The Supreme Court has held that a person with criminal antecedents should not be allowed to enter the police force, even if he or she is acquitted or discharged.
A bench headed by Justice T S Thakur said, “persons who are likely to erode the credibility of the police ought not to enter the police force.”
“Even if he is acquitted or discharged, it cannot be presumed that he was completely exonerated,” the bench said, adding that a person having criminal antecedents will not fit in the category.
“It is clear that a candidate to be recruited to the police service must be worthy of confidence and must be a person of utmost rectitude and must have impeccable character and integrity,” the bench also comprising Justice Adarsh Kumar Goel said.
The bench allowed the appeal filed by Madhya Pradesh government against High Court’s order asking it to consider the case of one Parvez Khan for appointment in police service within three months on compassionate grounds.
Khan had applied for police job on compassionate grounds following the death of his father Sultan Khan, who served in Madhya Pradesh police.
During police verification it was found that Khan was involved in two criminal cases – one pertaining to assault and criminal intimidation, and the other of house trespass and dacoity. In the first case Khan was acquitted while in the second case he was discharged on account of compounding of offence.
The apex court held that, “Even after acquittal, basis of order of the court has to be gone into by competent authority.
Even after order based on compromise or lack of evidence may render a candidate ineligible”.

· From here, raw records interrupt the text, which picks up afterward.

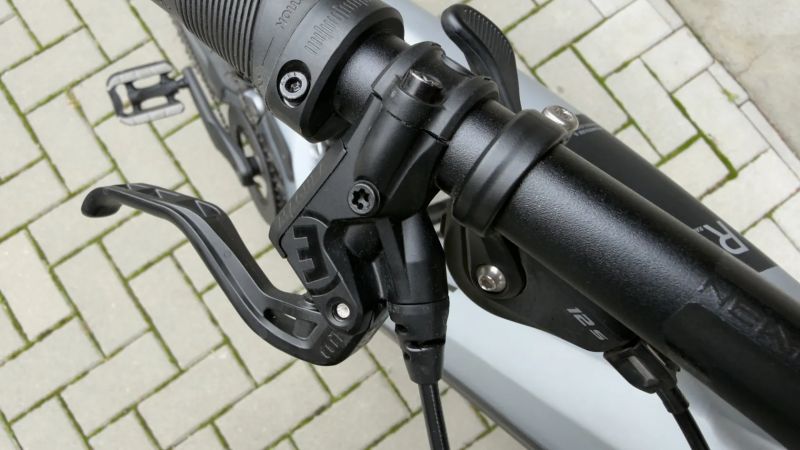 Cube stereo Hybrid 120 Race 750 Wh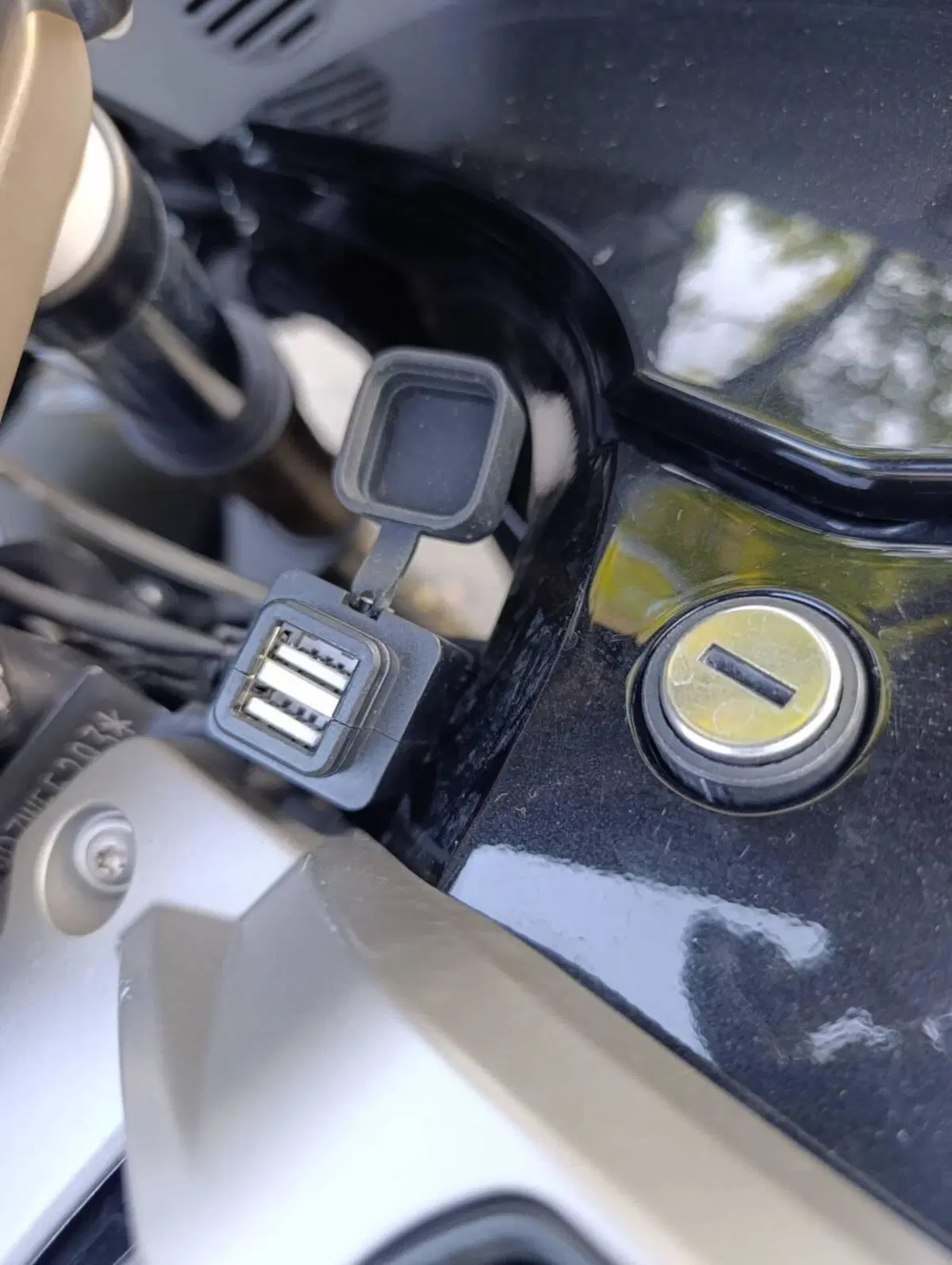 Bmw R 1200 RT (2010 - 13) (10)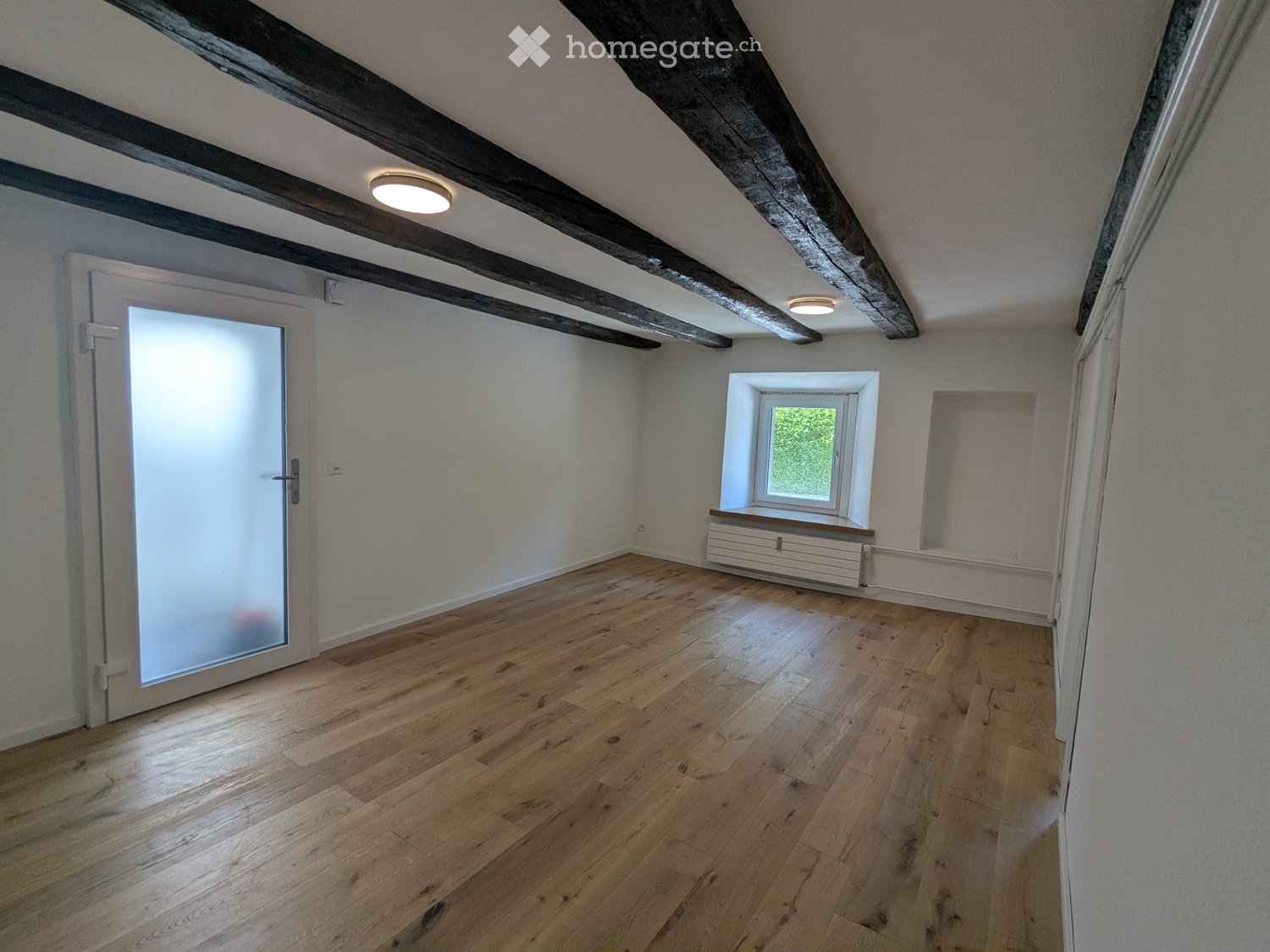 Appartement de 2 pièces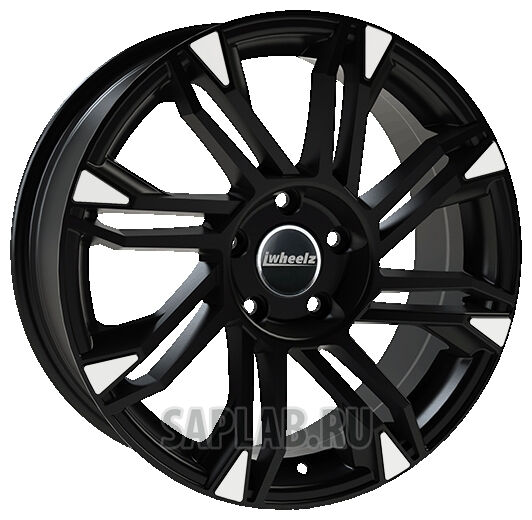 Купить Iwheelz 2305501 Диск R17 IW 7J 5х105 et41/56.6 RIARD BMF 2305501
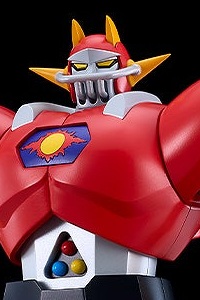 GOOD SMILE COMPANY (GSC) UFO Senshi Dai Apolon MODEROID Dai Apolon Plastic Kit GOOD SMILE COMPANY (GSC) UFO Senshi Dai Apolon MODEROID Dai Apolon Plastic Kit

Taking into account the report of Superintendent of Police, who held Khan ineligible for appointment in police force, the bench said in the present case “Superintendent of Police is the appointing authority” and there was “no material to show that Khan was falsely implicated.” Setting aside the order of division bench of the High Court, the apex court said “refusal by competent authority to recruit the respondent (Khan) on the ground of criminal antecedents is not liable to be interfered with.”